Various applications, such as robotics, require extremely precise positioning of mechanical elements, such as robot arms. Typically, such precise positioning is achieved by employing an electric motor, a reducing gear transmission, such as a harmonic drive gear, a shaft encoder and a tachometer. Both the tachometer and the shaft encoder provide output data to servo mechanisms which in turn provide position correction signals to the motor.
Normally the shaft encoder and the tachometer are directly mounted on the electric motor, downstream of the transmission. It may be appreciated that in this configuration, whatever the accuracy of the shaft encoder and the electric motor, such is not the accuracy of the positioning of the element driven thereby due to inaccuracies introduced by the transmission, as well as inaccuracies due to flexing of driven elements downstream of the transmission.
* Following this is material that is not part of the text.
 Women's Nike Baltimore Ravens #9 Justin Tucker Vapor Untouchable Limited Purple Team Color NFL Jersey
Positioning accuracies realized by conventional positioning devices of the type described hereinabove are of the order of milliradians to hundreds of microradians for rotary applications and of the order of hundredths or tenths of millimeters for linear applications.
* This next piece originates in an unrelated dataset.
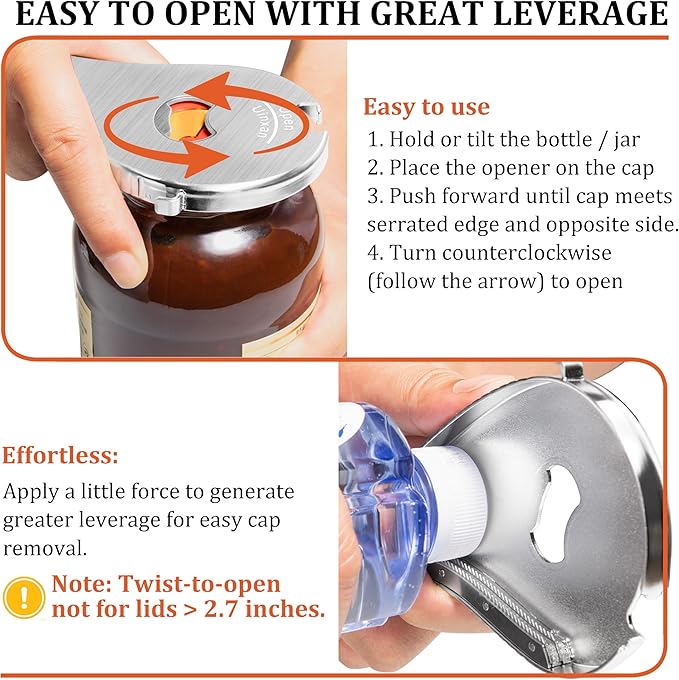 Uinxan Bottle Opener for Weak Hands & Seniors with Arthritis–5 in 1 for Vacuum Seals, Soda, Small Jar Lids(0.6"-2.7"), Beer Caps, Pull Tabs–Multifunction Portable Tool for Elderly/Women/Men (Silver)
Some of the inaccuracies associated with the transmission itself could be overcome by mounting a shaft encoder at the output of the gear, which is directly coupled to the driven element. This, however is impractical in most robotics applications due to space and weight limitations, complications in mounting, limitations on the movement of the robot, and cost.
A closed loop torque sensing and control system is described in "Joint Torque Control by a Direct Feedback for Industrial Robots" by J. Y. S. Luh, W. D. Fisher and Richard P. C. Paul, IEEE Transactions on Automatic Control, Vol. AC-28 No. 2 February 1983, pp. 153-160.
Compensation for bending of a load arm is described in "A Robot-Arm with Compensation for Bending" by P. C. Mulders et al, Annals of the CIRP, 35/1/1986 pp. 305-308.
The current state of the art is described in M. Vidyasagar, "System Theory and Robotics", IEEE Control Systems Magazine, Vol 7, No. 2, April, 1987, pp. 16 and 17 and in "Historical Perspective and State of the Art in Robot Force Control". The International Journal of Robotics Research No. 1, Spring, 1987 published by the Massachusetts Institute of Technology.